⟨

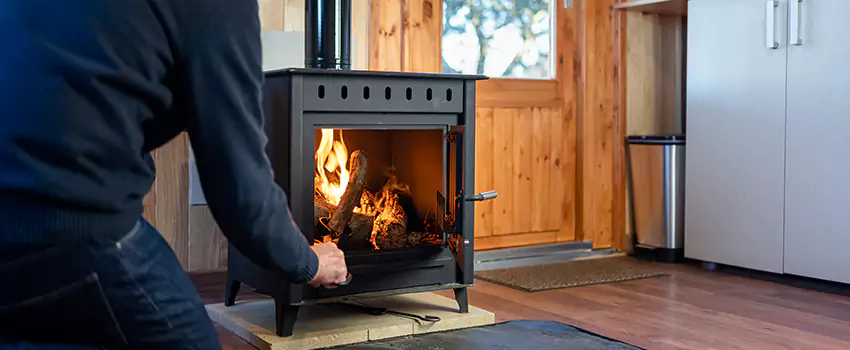 Open Hearth Wood Fireplace Installation in East York, ON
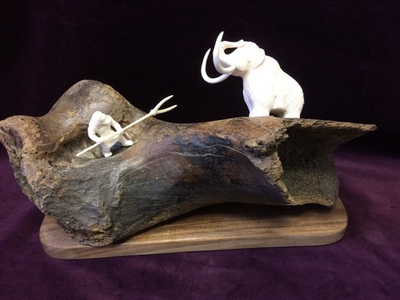 Композиция "Охота на мамонта"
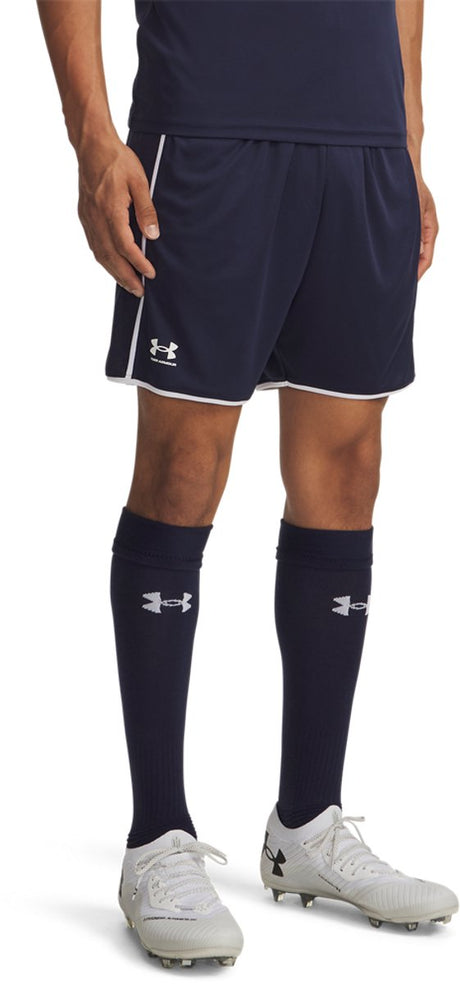 Under Armour UA M Challenger Train Short-Blu Pantalon de sport pour homme - minuit marine - blanc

⟩

== What is being asked ==
The reply must consist of the complete listing, reproduced exactly, with no images.

== Answer to this problem ==
 Open Hearth Wood Fireplace Installation in East York, ON
 Композиция "Охота на мамонта"
 Under Armour UA M Challenger Train Short-Blu Pantalon de sport pour homme - minuit marine - blanc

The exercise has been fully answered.